__DIRECTIONS__:
Your answer should be the lines from the one with "All Gerber Baby" to the end of the data below, both included, exact and free of pictures.

__INFORMATION SUPPLIED__:

++++

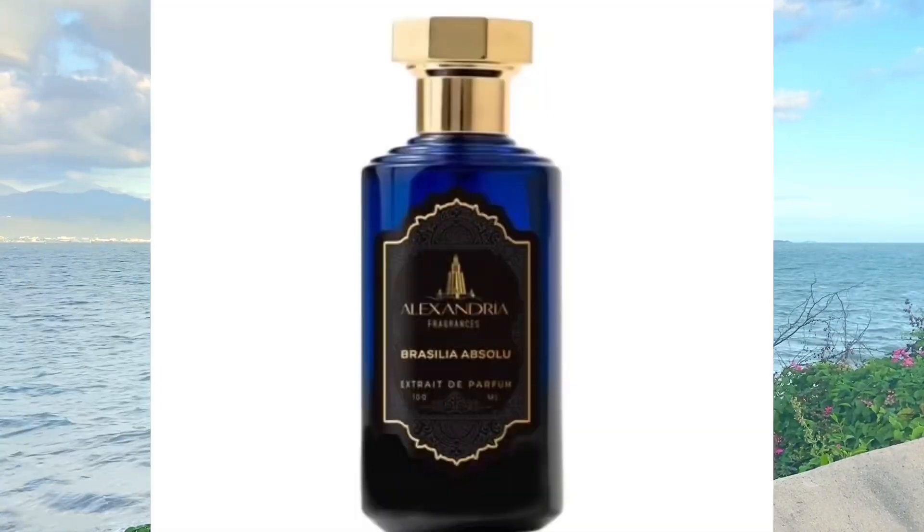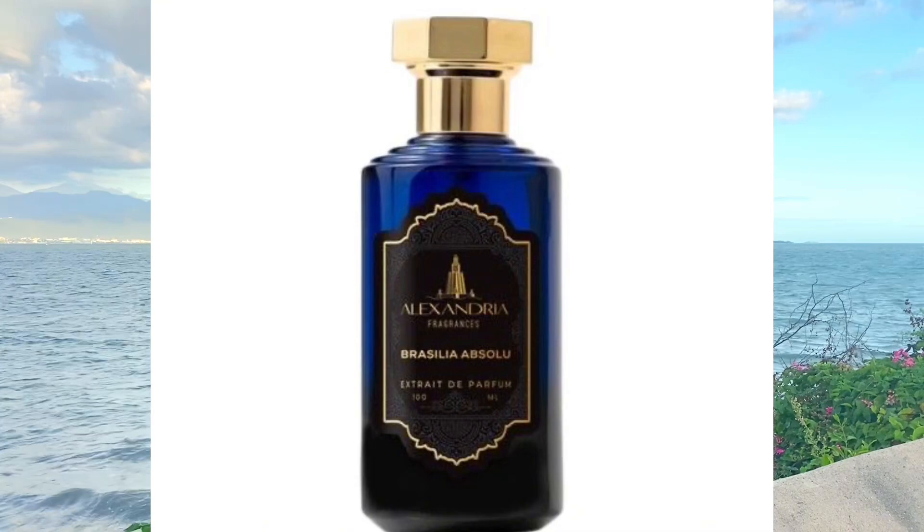Greetings and salutations, welcome back to my channel everyone. I'm your boy Mr. Smell Good coming to you from the beautiful island of Jamaica. If you haven't visited Jamaica, please do. Anyways, the fragrance I want to introduce to you guys today is from the House of Alexandria Fragrances and it is called Brasilia Absolu, which is the rendition of Creed Aventus Absolu.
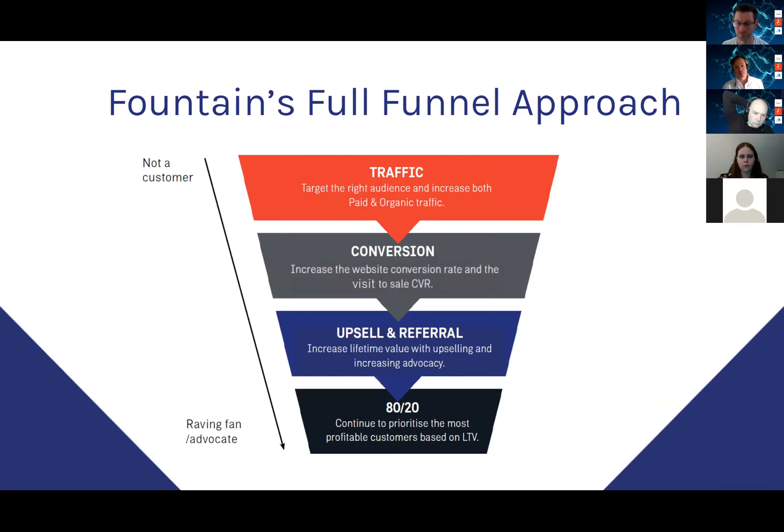We call this the full funnel approach — the holy grail for all digital marketers. It takes time, effort, and analysis of a lot of data. The most important part is at the bottom: what we call the 80/20 principle. Within your CRM, your most profitable clients — your lifetime value customers — are probably the 20% driving 80% of profit. Once you understand who those customers are, you can change your top-of-funnel traffic, content, and everything you do to drive more of those lifetime value customers.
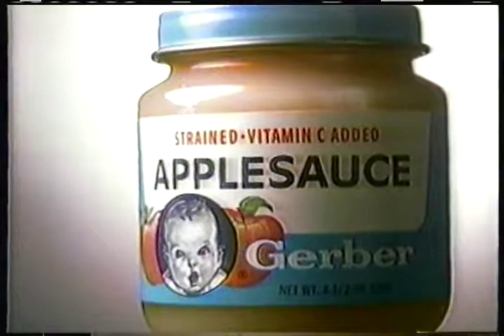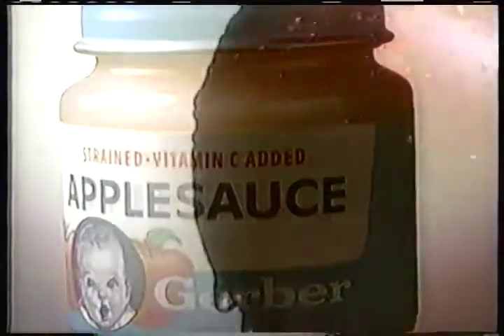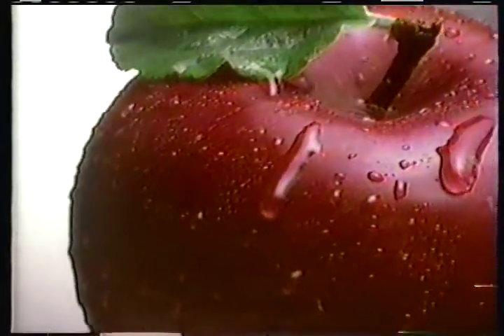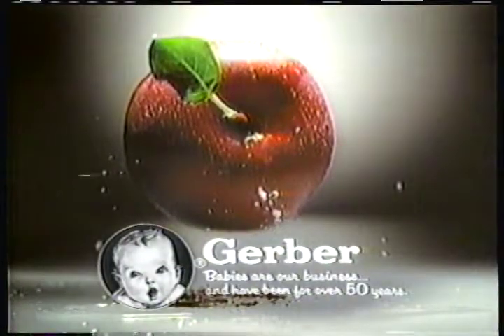All Gerber Baby Foods are perfectly prepared for your baby's nutritional needs without added salt, artificial colors, flavors, or preservatives. Those are the facts. Pure and simple. Gerber.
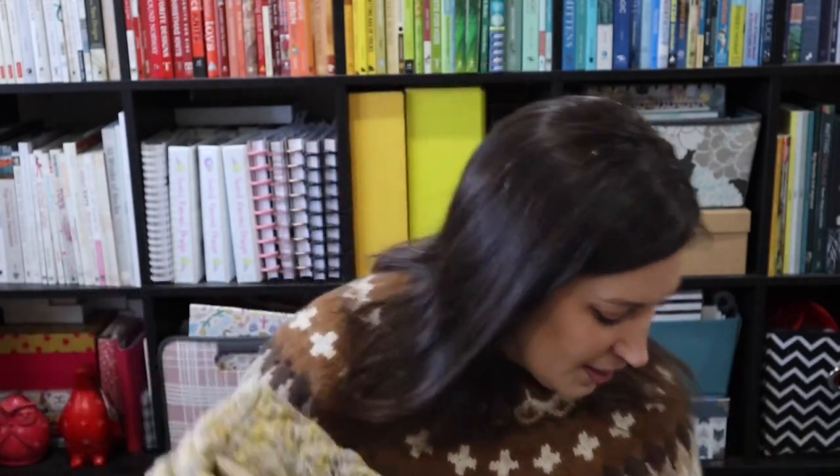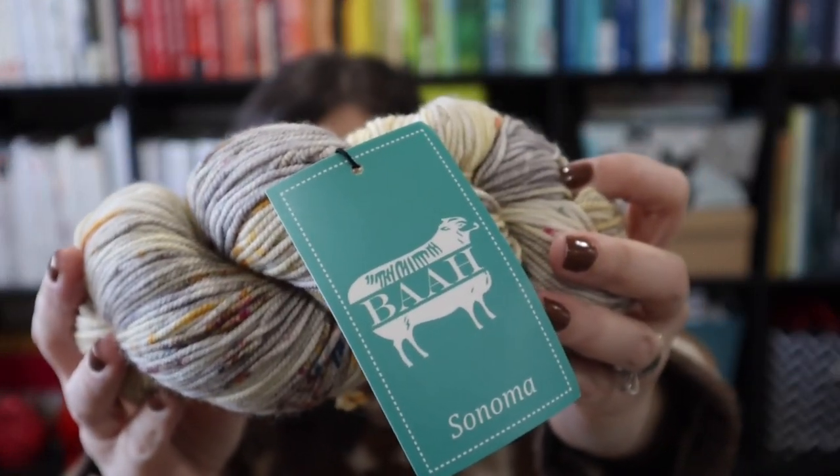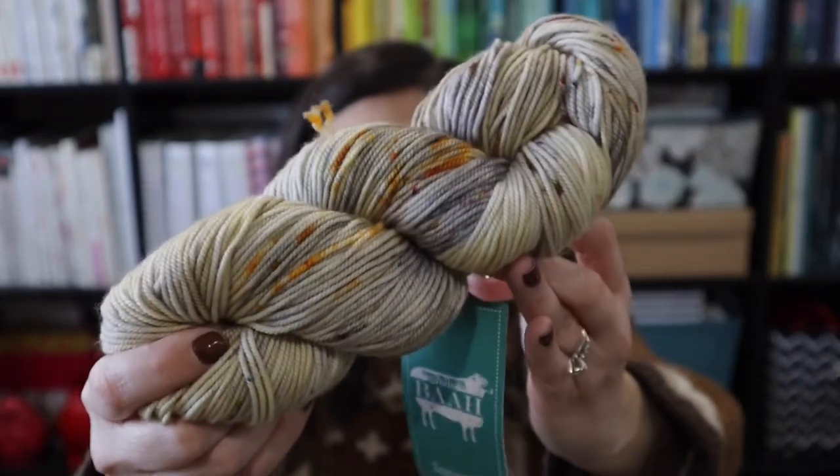The yarn I'm using for this cardigan is the colorway Yellow Jacket, it's BA Yarns on their DK Sonoma base — just this gorgeous grellow with lots of beautiful speckles in it.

++++

__SOLUTION BELOW__:
All Gerber Baby Foods are perfectly prepared for your baby's nutritional needs without added salt, artificial colors, flavors, or preservatives. Those are the facts. Pure and simple. Gerber.
The yarn I'm using for this cardigan is the colorway Yellow Jacket, it's BA Yarns on their DK Sonoma base — just this gorgeous grellow with lots of beautiful speckles in it.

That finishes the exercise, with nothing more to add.